◆ **RECORDS TO USE**
|---|

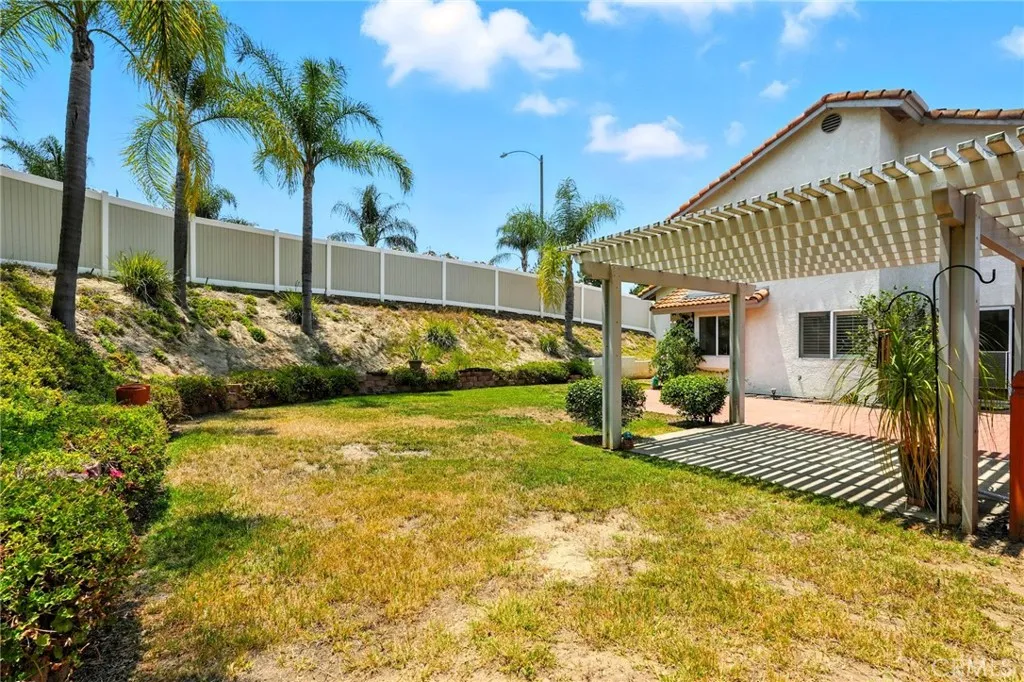 https://cdn.realtyfeed.com/cdn/127/306498979/0106d5a7a2a26fc959b12002fc249517.webp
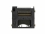 Delock Connector CFexpress Slot Type A metal (with EMI shielding finger)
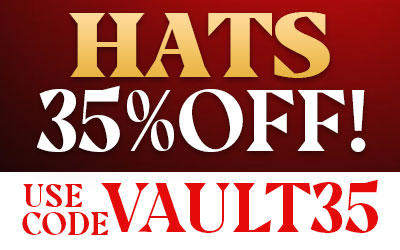 Church Hats Sale
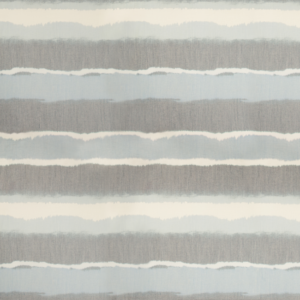 Couture Modern Colors-sojourn Collection Dip Dye - Chambray upholstery fabric swatch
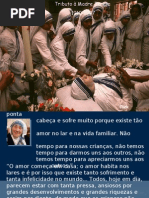 (- -) Madre.teresa.de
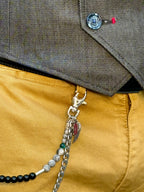 Chain 611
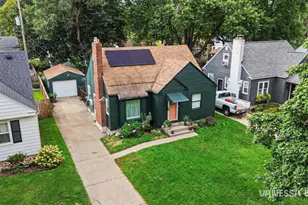 1805 Widdicomb Ave NW, Grand Rapids, MI 49504 - Photo 21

|---|

◆ **EXERCISE DETAILS**
Retype, word for word, only the line holding "Couture Modern Colors-sojourn" and the lines after it through the final line of the listing above, and leave every picture out.

◆ **PROBLEM SOLUTION**
 Couture Modern Colors-sojourn Collection Dip Dye - Chambray upholstery fabric swatch
 (- -) Madre.teresa.de
 Chain 611
 1805 Widdicomb Ave NW, Grand Rapids, MI 49504 - Photo 21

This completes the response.